Functional Programming has been around for possibly as long as the fable of the “ugly duckling”. The impetus for FP started in the 1930s thanks to Alonzo Church, a mathematician best known for formulating lambda calculus, a formal theory for expressing computation based on function abstraction and application using variable binding and substitution. The syntax and behavior of most programming languages today reflect this model. This early origin means that Functional Programming is a paradigm that existed from ideas older than the first programmable computer. Since then, functional languages have introduced several concepts later adopted by other languages. In 1950 the first functional language, Lisp came into use.
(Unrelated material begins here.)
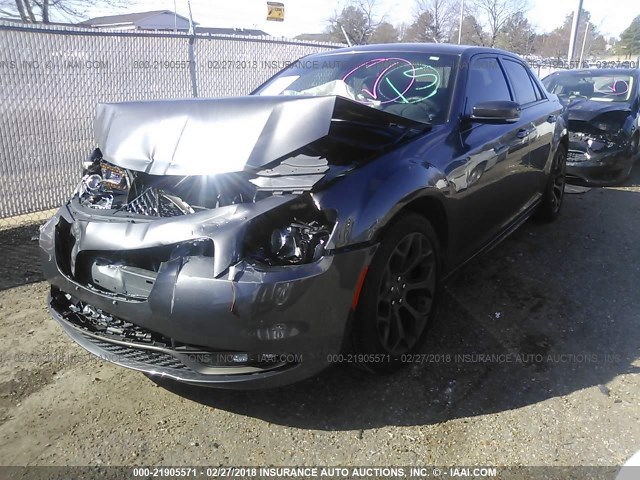 2C3CCABG6GH324942 - 2016 CHRYSLER 300 S GRAY photo 2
In 1959, in response to memory issues found in Lisp, John McCarty invented the Garbage Collector. Forty years later, mainstream languages such as Java and C# adopted the Garbage Collector. In 1960, the concept of first-class function was coined by Cristopher Strachey, who also invented the term currying, one of the fundamental principles of FP. In 1973, the functional language ML introduced the concepts of Type-Inference and parametric polymorphism. Forty years later these same concepts were introduced as “Generics” in mainstream languages. So as the story of the “ugly duckling” goes, a concept that initially was seen as strange and different eventually came into its prime. For FP that time is now because of its ability to maximize multicore core platforms.
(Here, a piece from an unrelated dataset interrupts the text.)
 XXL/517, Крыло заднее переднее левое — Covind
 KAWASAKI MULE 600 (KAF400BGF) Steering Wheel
In 1954 Fortran, the first imperative language was introduced in the market, and a year later Cobol, one other imperative language made its first appearance. Both these languages have had an enormous success in the software business world to the point that the imperative paradigm dominated the industry for thirty years.
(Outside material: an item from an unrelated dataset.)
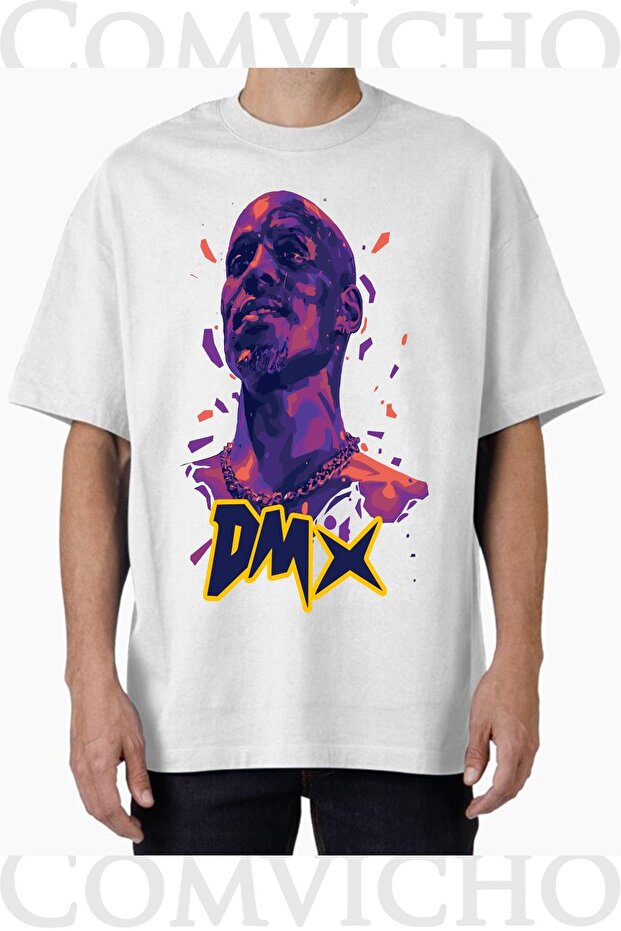 تي شيرت مطبوع بتصميم DMX V1 للجنسين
In the 1970s, there was the need and interest in the Software industry for different and more practical solutions to solve increasingly complex problems. The rise of the Object-Oriented paradigm came from the growing demand for an improved programming model.
Since then, the OO has increasingly matured and evolved, today this paradigm is widely accepted by enterprises and has become the most popular paradigm in use.
The technology world is in a continuous and unstoppable evolution, the natural consequence of this expansion is more complex computing problems. Industry is realizing that FP is better than OO because of its declarative and expressive coding style. FP’s mathematical approach promotes immutability and functions without side effects allowing the programmer to solve the full spectrum of problems in less time and with less bugs. FP addresses computational problems in a manner similar to mathematics, ensuring the correctness of the program.

An increasing number of programming languages support the functional paradigm including C#, C++, Java and Python. In 1994, Python introduced support of lambda expression and list comprehension for data manipulation. Likewise, C# from the beginning has supported a functional paradigm for program writing, but the complexity of doing so has prevented programmers from using it. In 2007, C# 3.0 introduced first-class functions in the language and new constructs such as lambda expression and type inference to allow programmers to introduce functional programming concepts. Soon to follow was LINQ (Language Integrate Query), which permits a declarative programming style. More recently, in 2010, Microsoft introduced F# as a supported functional language in the .NET ecosystem. The latest generation of functional languages is impure because they allow side effects; the result of this variation is a reduced learning curve for those who embrace this paradigm for the first time. To combat unwanted side effects, the most successful implementation of functional languages today are “hybrids”. These functional languages bridge the gap between object oriented and functional paradigms allowing both programming styles.

If the current job demand is an indication of the future, interest in utilizing Functional Programming in applications will continue to increase, and so will the need for programmers who can bring this paradigm to business solutions.